Hubbard’s separate business unit is the best monetization solution IMO, but there is a big caveat with that. Radio’s digital platforms – while really important to the marketing of its brands, has limited value to most advertisers. There simply aren’t enough eyes or ears there to significantly impact an advertiser’s product sales or brand image. And IMO, there never will be. If the best of those assets audience was a radio station – it would be considered almost worthless. Double or triple the revenue you could generate with that kind of low radio share – and you still aren’t left with much.
But that’s no reason to throw in the towel.
Radio has two options with digital if they want to generate meaningful revenue with meaningful advertiser results. The first is to create non radio digital platforms to sell with radio as marketing solutions. The second is to buy or align with those types of products.
The worst solution is the current one which is to move traditional dollars around so that money that really belongs there (in traditional radio) is recast into digital so that it can be (mis)represented as growing while portraying the station/group as being in touch. Among other things, it lowers the true growth rate shown for terrestrial radio and it masks the true revenue to be gained from current digital assets.

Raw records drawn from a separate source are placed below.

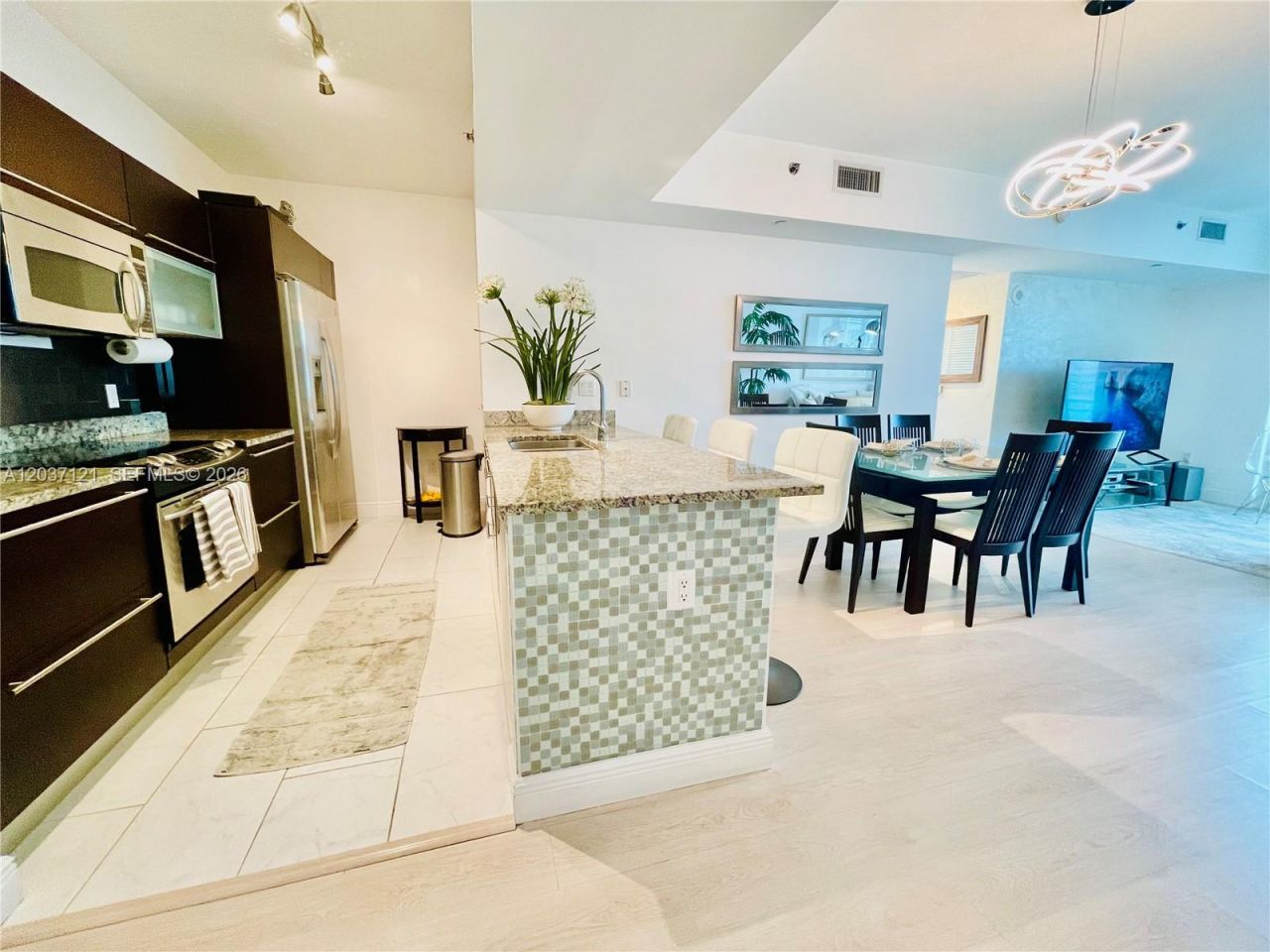 950 Brickell Bay Dr , Unit 2601, Miami, FL 33131 Photo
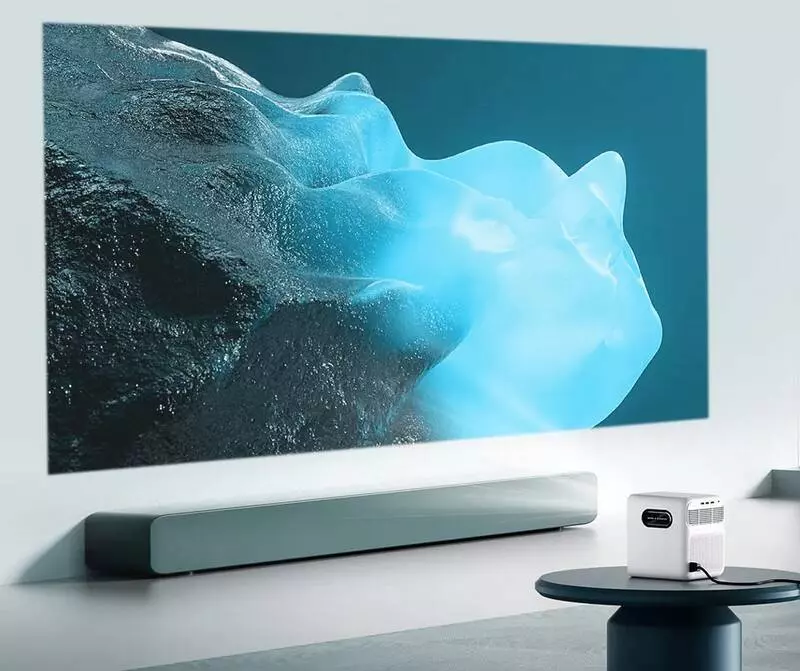 Проектор Wanbo Projector Mozart 1 - фото 3 Проектор Wanbo Projector Mozart 1 - фото 3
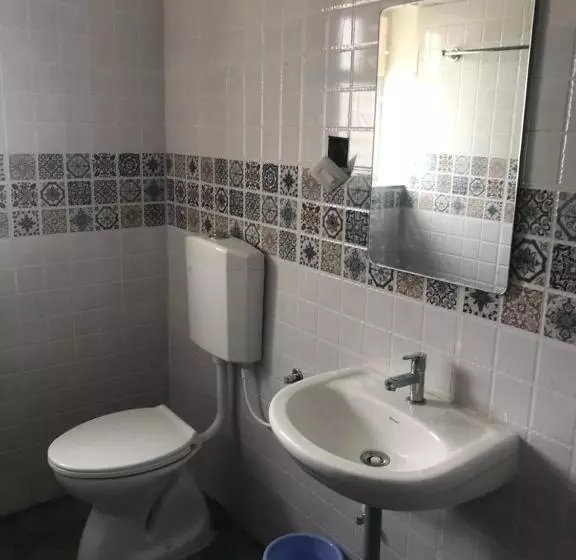 Retkeilymaja Sri Krishna Residency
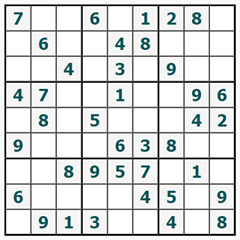 Online Sudoku #568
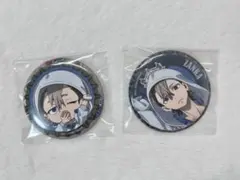 ガチアクタ キラキラ缶バッジ キラ缶 ザンカ 6点 - メルカリ
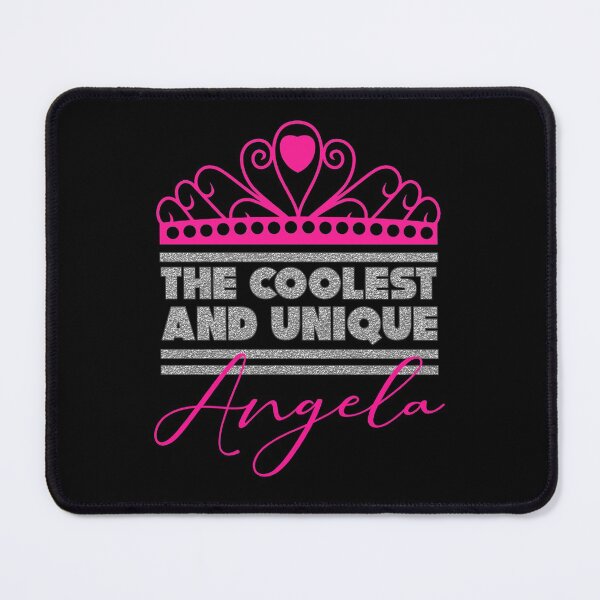 Item preview, Angela girl kids woman name sweet designed and sold by Thestarrysky.
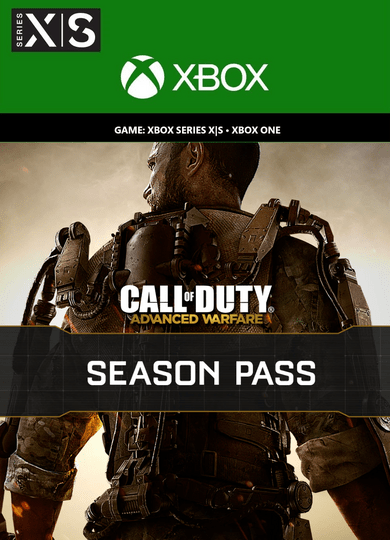 E-shop Call of Duty: Advanced Warfare - Season Pass (DLC) XBOX LIVE Key ARGENTINA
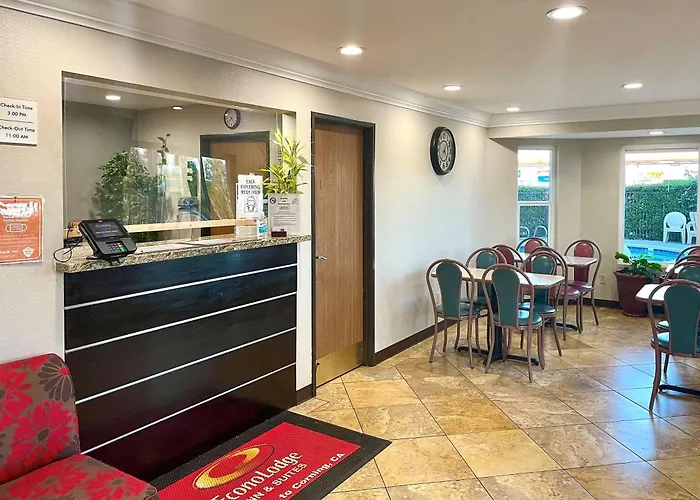 Corning Dog Friendly Lodging and Hotels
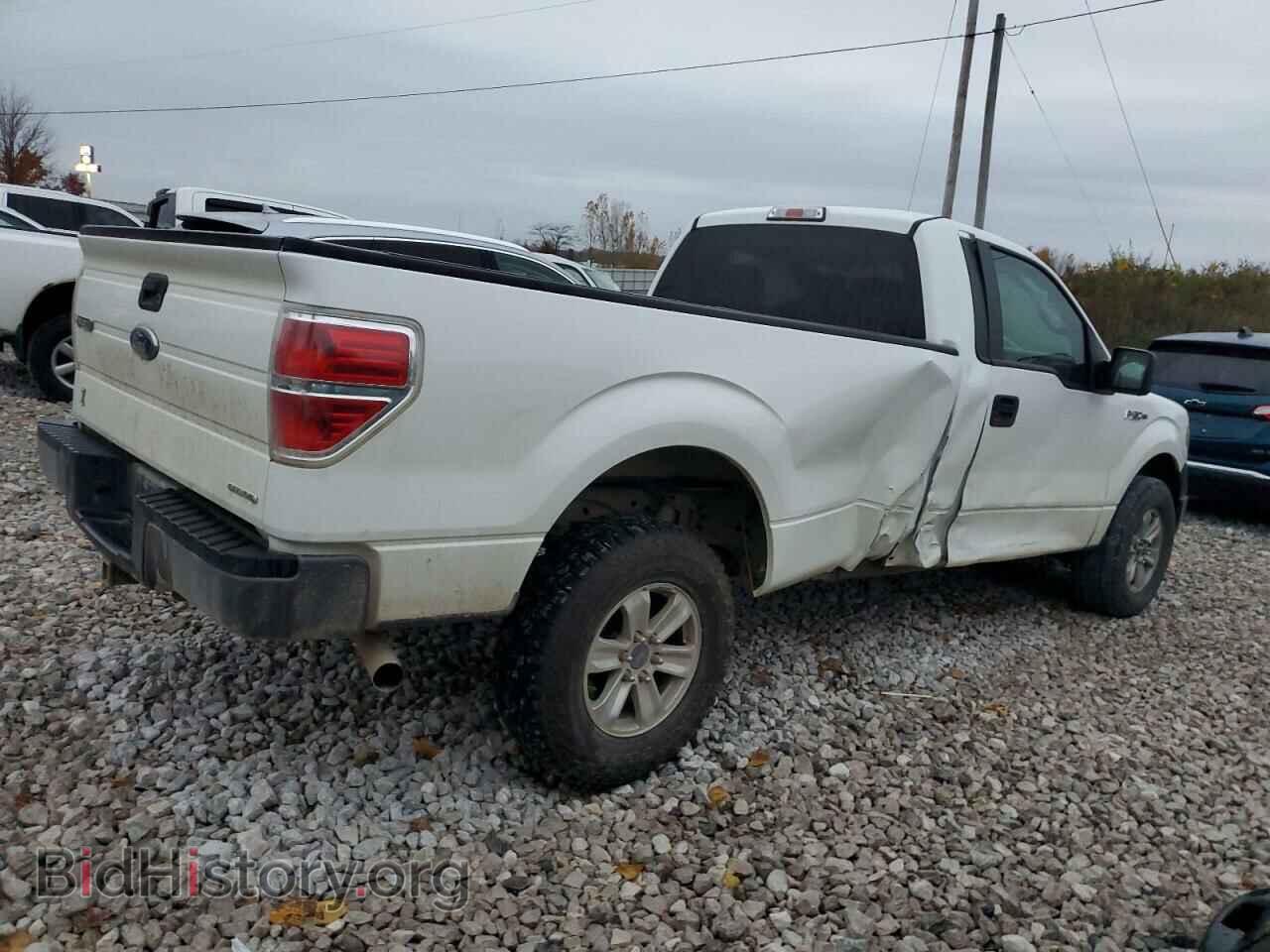 2013 FORD All Models - VIN: 1FTNF1CF4DKE52876 - Фото 3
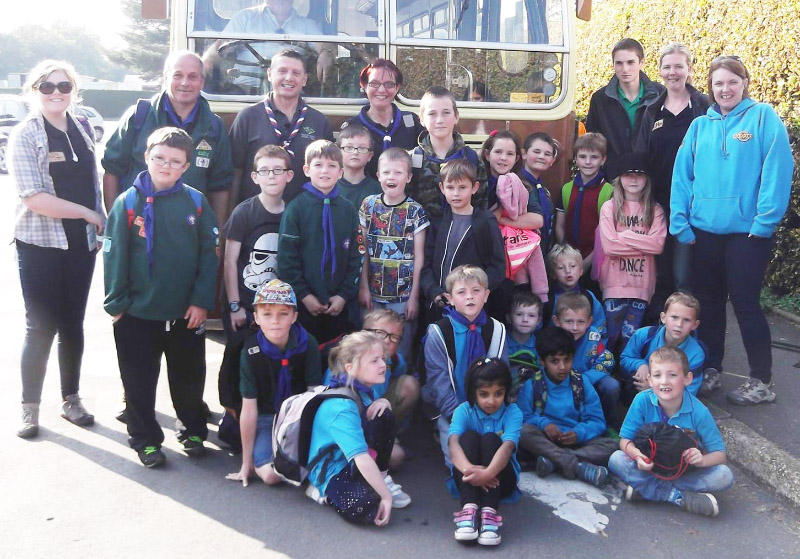 FUTURE VOLUNTEERS INVITED TO RECRUITMENT EVENT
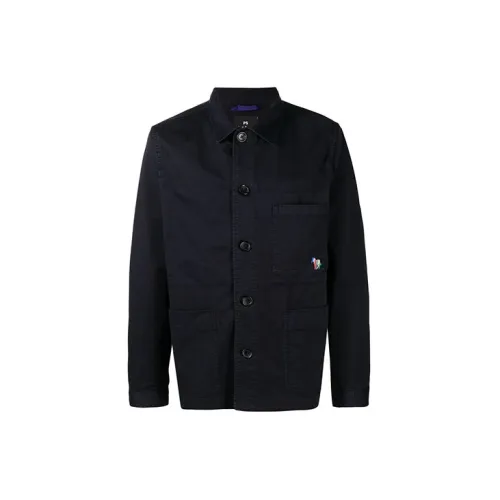 PS By Paul Smith Jackets Men Black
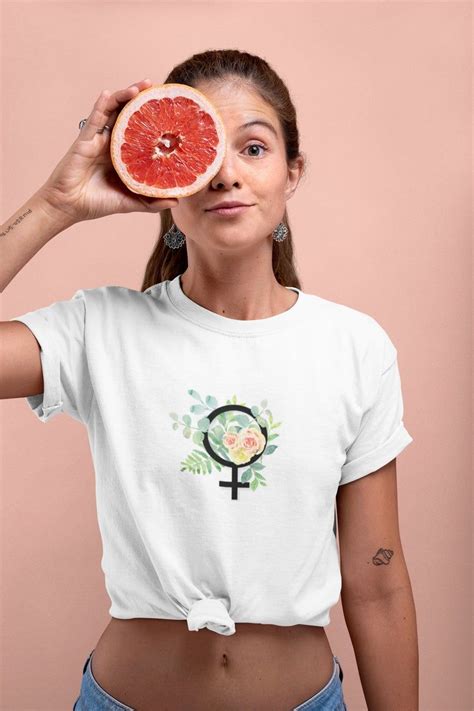Feminist Shirt Venus Symbol Shirt Resist Shirt Protest Etsy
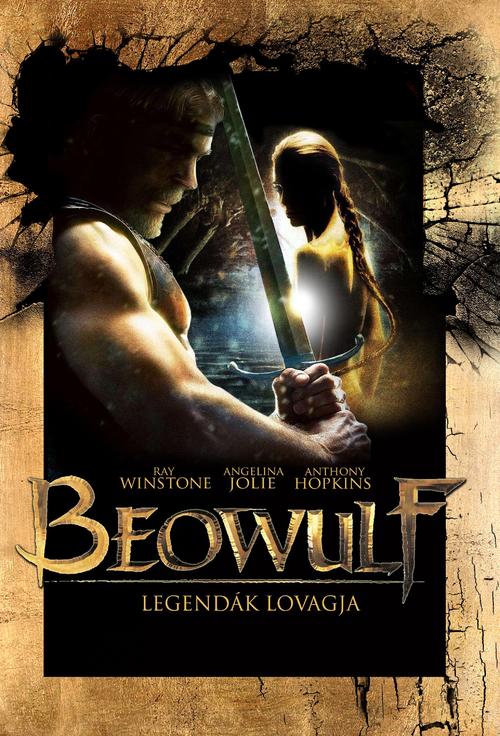 贝奥武夫beowulf(2007)预告海报(匈牙利) #01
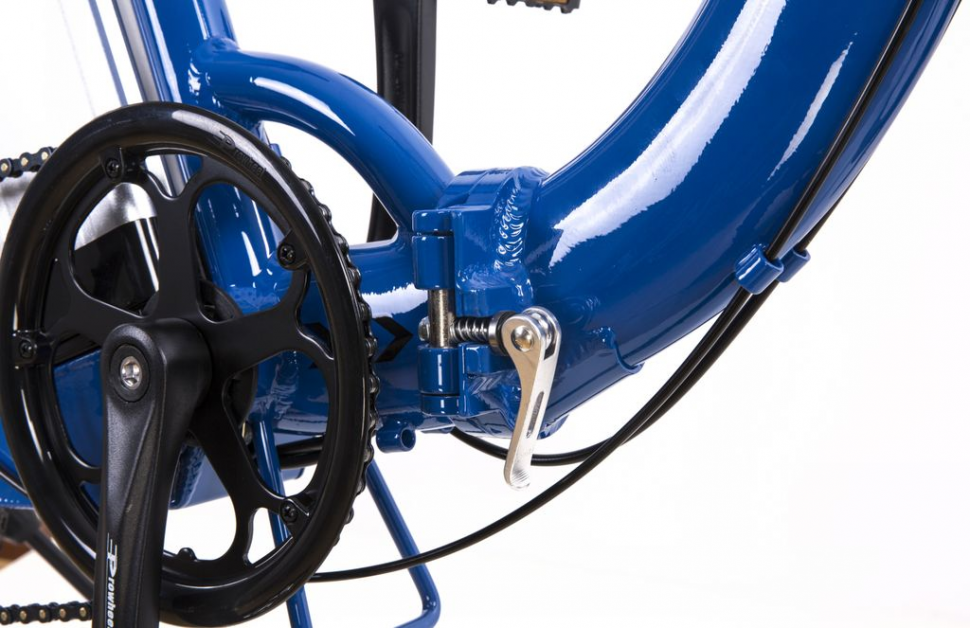Электровелосипед Elbike GALANT BIG VIP13A (C13)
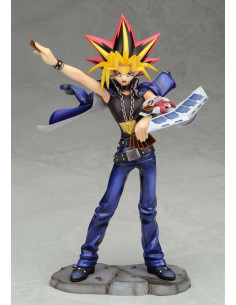 es::Yu-Gi-Oh! Estatua ARTFXJ 1/7 Yami Yugi 24 cm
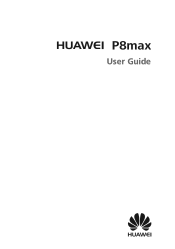 Huawei P8max P8max User Guide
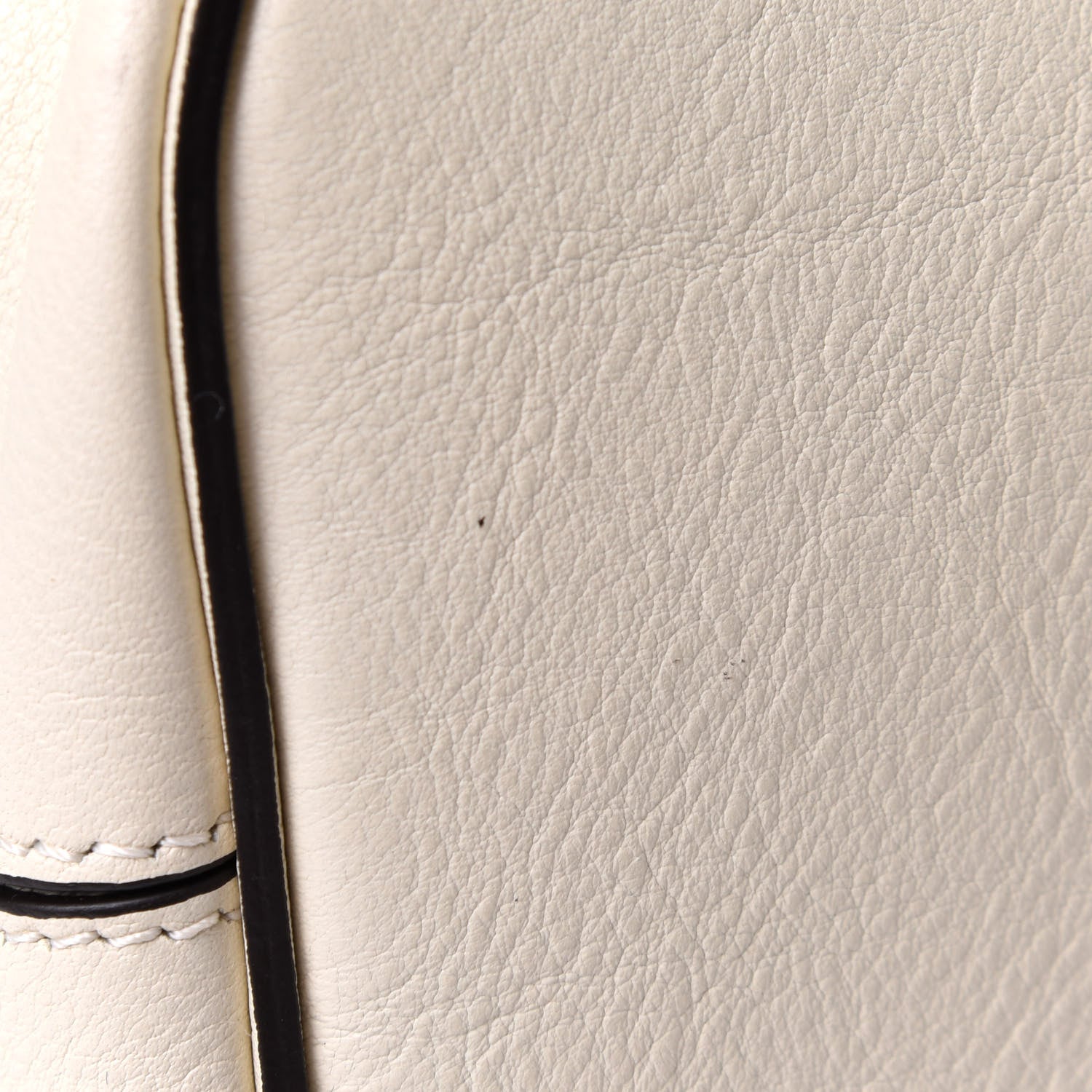 Chloe Suede Calfskin Small Faye Backpack Off White 12 of 12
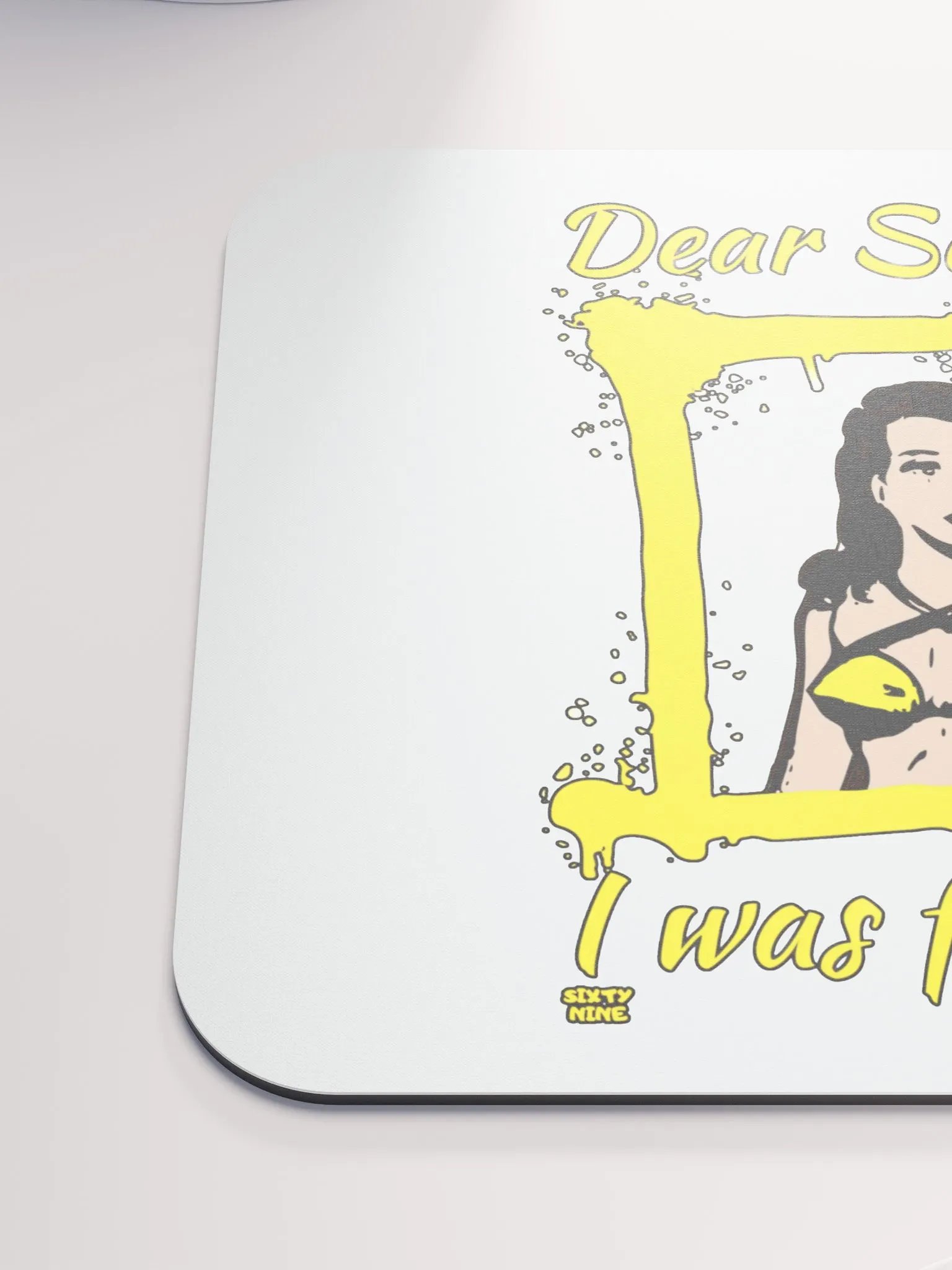 DEAR SANTA, I WAS FRAMED! product image (6)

Radio could evolve into a great solution provider with traditional and digital media assets. But it needs to be honest with itself, then acquire and or align with enough of them to make a difference – and hire salespeople who understand the entire package. Then they can deploy those assets to meet customer challenges rather than a comp plan that doesn’t.
Fred Jacobs says
Bob, great perspective that is additive to today’s post. This is a complex issue, to be sure. But it is solvable because as you note, radio can solve customer and advertiser problems with its array of assets. This type of change is never easy, and it requires investment, people, time, and the inevitable faiures and “teaching moments” along the way. But the rewards are many, including survival. Thanks again, Bob.
Bailey says
Fred, this post is all rhetoric and no audience data.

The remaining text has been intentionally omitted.